Запомнилось и то, какой был город. Занесенный снегом, высокие сугробы, тропинки между ними — это улицы. Только по центральным улицам можно было ехать на машине. Лежали трупы, не так много. Лежали больше в подъездах. Город был засыпан чистым-чистым снегом. Безмолвный, только тикал метроном из длинных репродукторов, которые были повсюду. Витрины все заколочены. Памятник Петру, памятник Екатерине завалены мешками с песком. Никто из нас не стремился в этот блокадный город.
Жизнь блокадная шла среди разбомбленных домов. Угол Моховой и Пестеля, дом стоял словно бы разрезанный. Бесстыдно раскрылись внутренности квартир, где-то на четвертом этаже стоял платяной шкаф. Дверца болталась, хлопала на ветру. Оттуда выдувались платья, костюмы. Разбомбленные дома дымили. Пожары после бомбежек или снарядов продолжались неделями. Иногда возле них прохожие грелись. Гостиный Двор — черный весь от пожара. В Александровском саду траншеи, зенитки. Траншеи были и на Марсовом поле.

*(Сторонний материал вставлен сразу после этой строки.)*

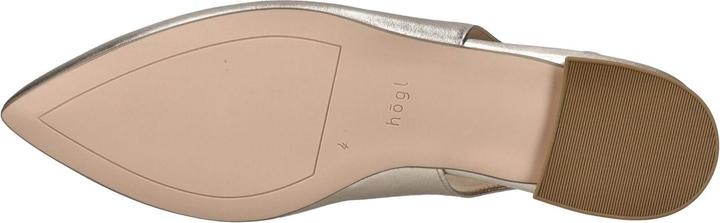 Produktbild Högl Pumps (38)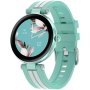CANYON Smart watch Semifreddo SW-61 Green - slika 2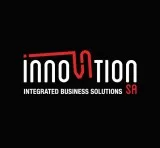 Innovation-sa - integrated business solutions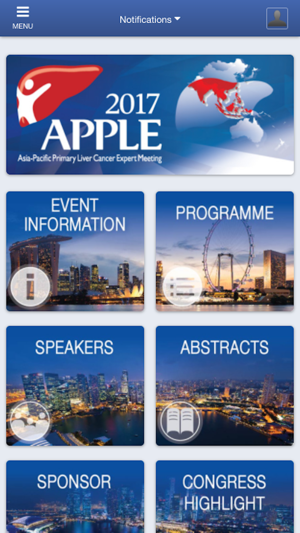 APPLESG 2017(圖1)-速報App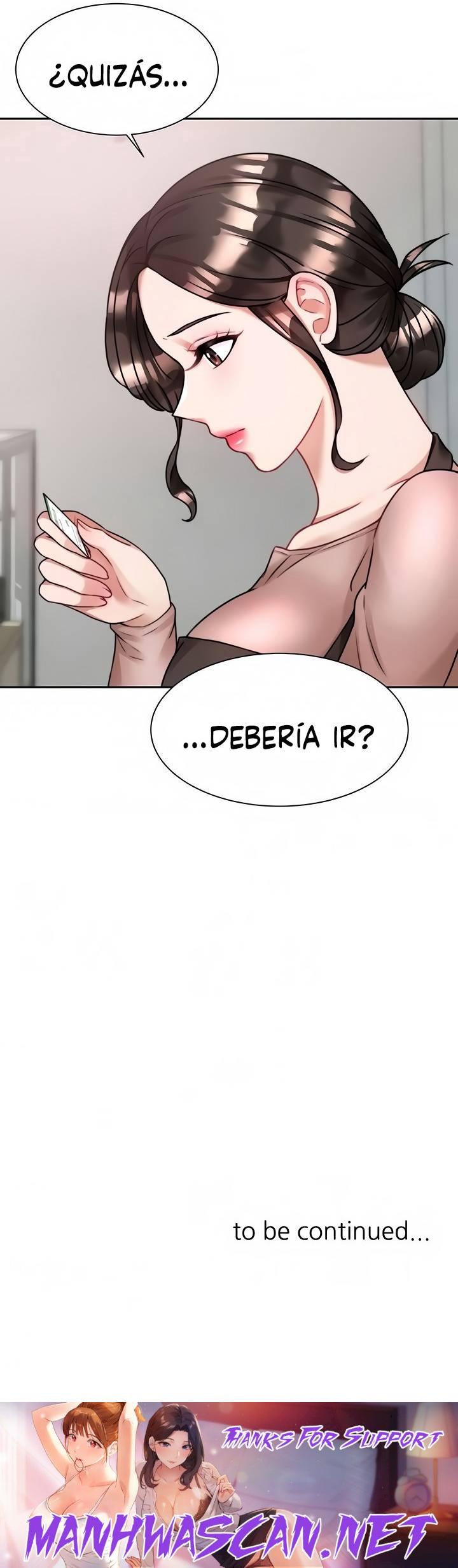 Hypnomancer Raw - Chapter 4 Page 14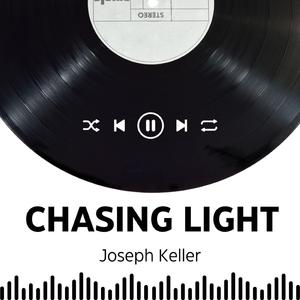 Chasing Light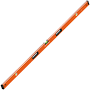 Klein Tools Box Beam Level 93572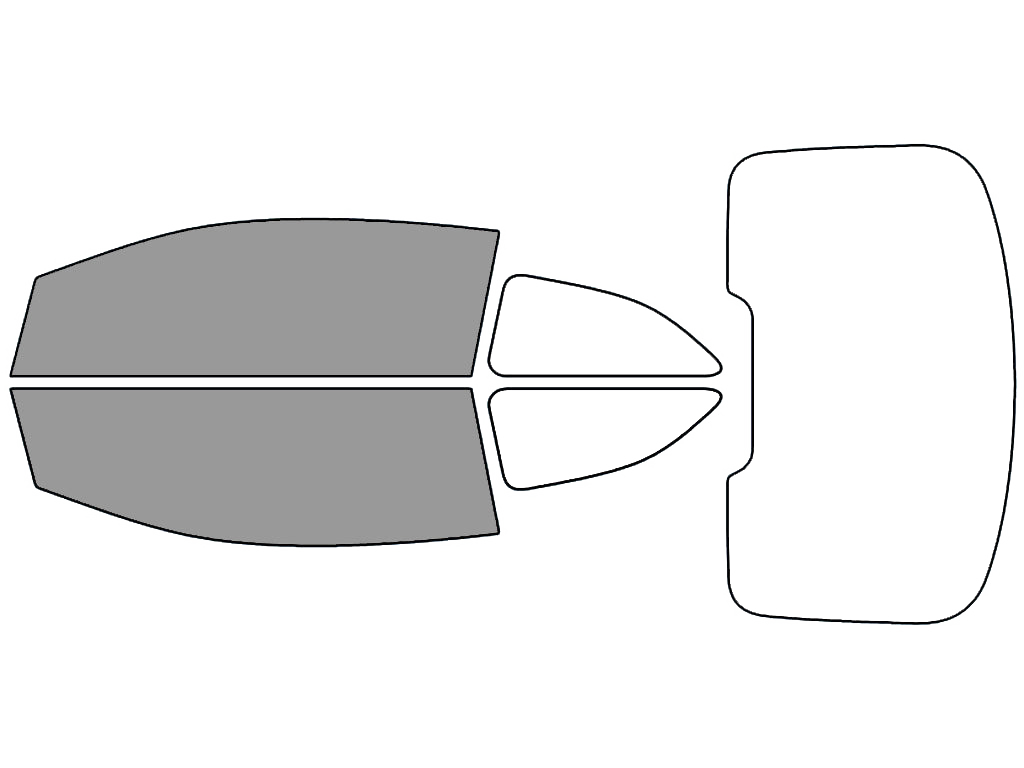 Front - 50%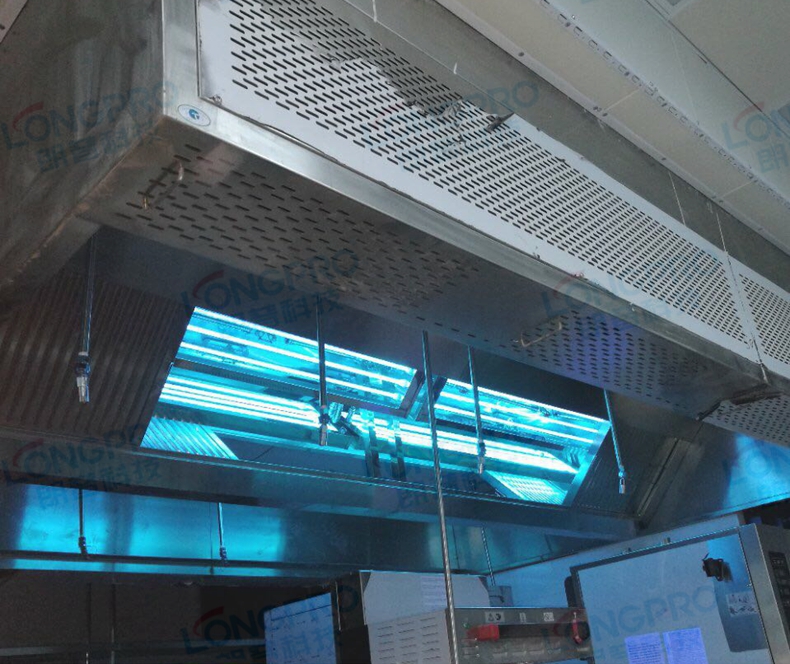 油煙凈化創意(推薦圖!)_副本2.jpg 油煙凈化創意(推薦圖!)_副本2.jpg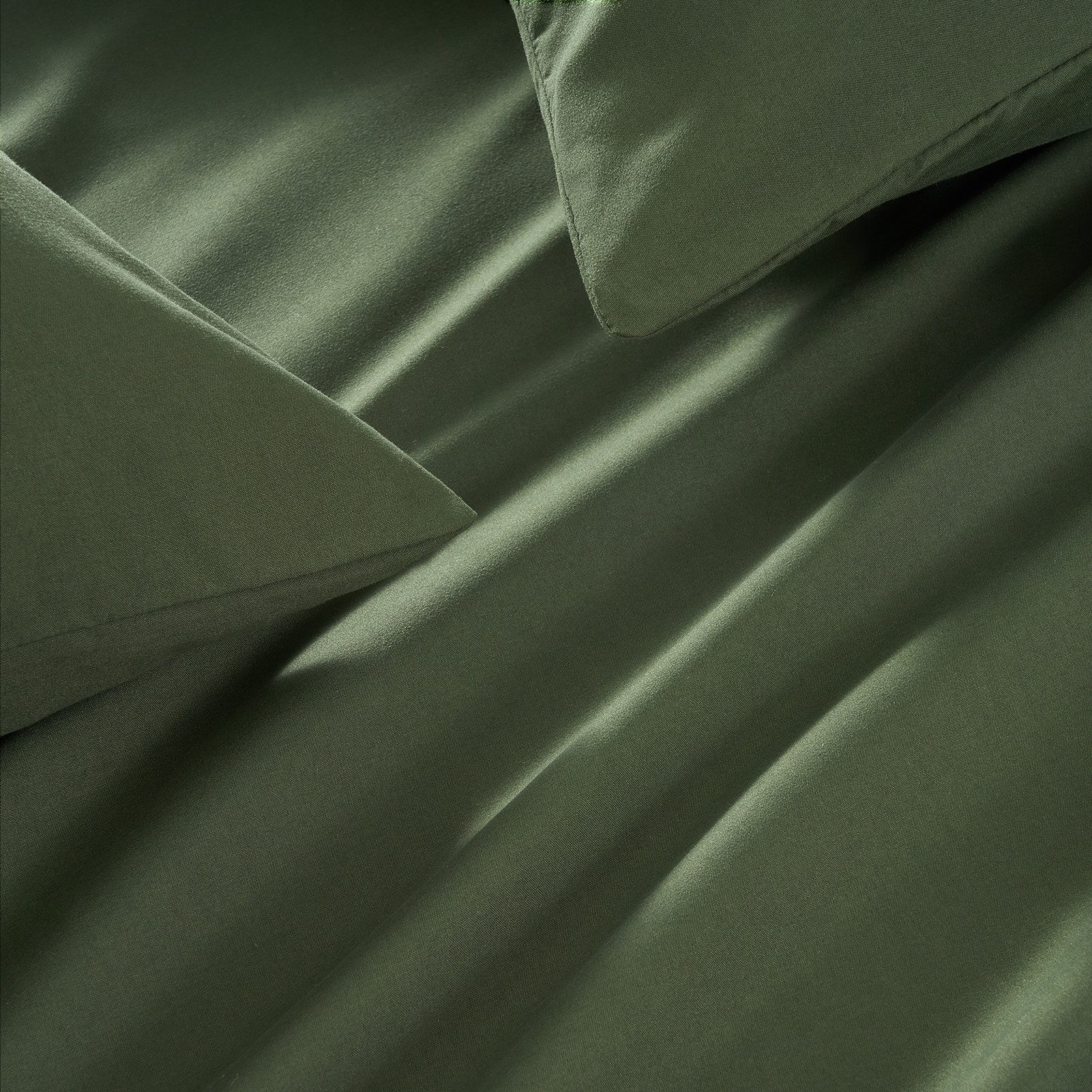 Topfinel Bettwäsche 135x200cm, Seersucker Bettwäsche-Sets, bügelfrei, aller günstig online kaufen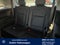 2019 Acura MDX 3.5L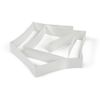 Fibreglass Strips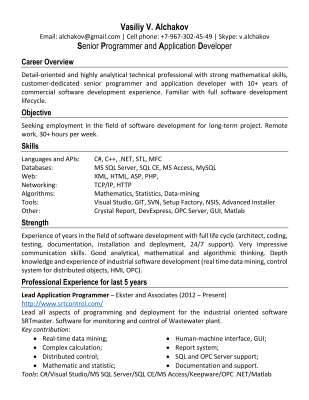Resume_VAlchakov_EN.pdf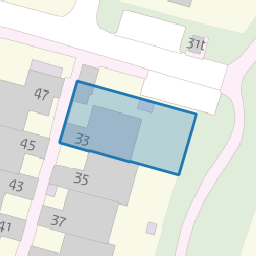 Perceel SWK01-B-1108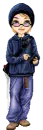 boy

Однажды нам поручили втроем вести пленного немца через город в штаб. Я наблюдал не столько за городом, сколько за немцем, которого вел, — какой ужас был на его лице, когда мы встречали прохожих. Замотанных в какие-то немыслимые платки, шарфы с черными от копоти лицами. Не поймешь — мужчина, женщина, старый, молодой. Как тени, они брели по городу. Началась тревога, завыли сирены, мы продолжали вести этого немца. Видели безразличие на лицах прохожих, которые смотрели на него. Он-то ужаснулся, а они уже без всяких чувств встречали человека в немецкой шинели».
«Я восстановил в памяти тот день, это было не так уж сложно; тогда я впервые получил увольнительную в город. Блокада преобразила город неузнаваемо, поэтому все поражало и отпечатывалось в памяти прочно.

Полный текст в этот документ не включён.